How to Clear Shortcuts on Windows, Mac, and Mobile Devices
Shortcuts are designed to save time — quick links to your most-used files, folders, and apps sitting right at your fingertips. But over time, those shortcuts can pile up, point to files that no longer exist, or simply clutter your workspace. Knowing how to clear them properly depends on where those shortcuts live and what platform you're working on.
What "Clearing Shortcuts" Actually Means
The term "shortcuts" covers a few different things depending on context:
- File shortcuts —
.lnkfiles on Windows or aliases on Mac that point to another location - Quick Access / Recent shortcuts — automatically populated lists in File Explorer or Finder showing recently opened files and folders
- App shortcuts — icons on your desktop, taskbar, Start Menu, or home screen
- Keyboard shortcuts — custom key combinations assigned within specific apps
Most people asking how to clear shortcuts are dealing with the first two: desktop clutter and the Recent/Quick Access panel in their file manager.
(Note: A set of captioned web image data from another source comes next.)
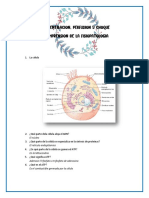 Ventilacion, Perfusion y Choque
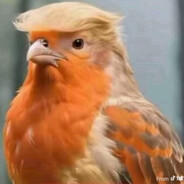 Bird Trump🦅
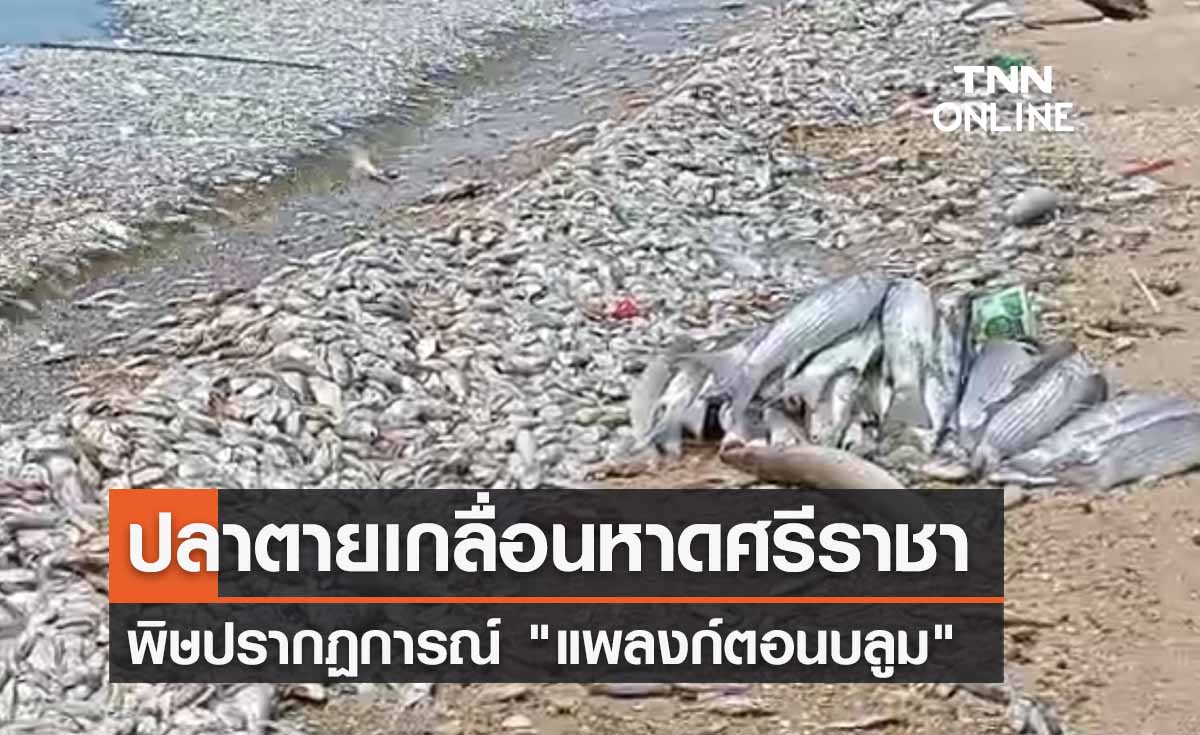 ผงะ! ปลาตายเกลื่อนหาดศรีราชา พิษปรากฏการณ์ แพลงก์ตอนบลูม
This article covers all the major scenarios.
Clearing Shortcuts in Windows File Explorer
Quick Access and Recent Files
Windows File Explorer automatically tracks recently opened files and frequently visited folders, displaying them under Quick Access in the left sidebar. To clear this:
- Open File Explorer
- Right-click any item under Quick Access and select Remove from Quick Access
- To clear the entire recent files history, go to View → Options → Change folder and search options
- Under the General tab, click Clear next to "Clear File Explorer history"
- You can also uncheck "Show recently used files" and "Show frequently used folders" to stop them from repopulating
This doesn't delete the actual files — it only removes them from the shortcut list.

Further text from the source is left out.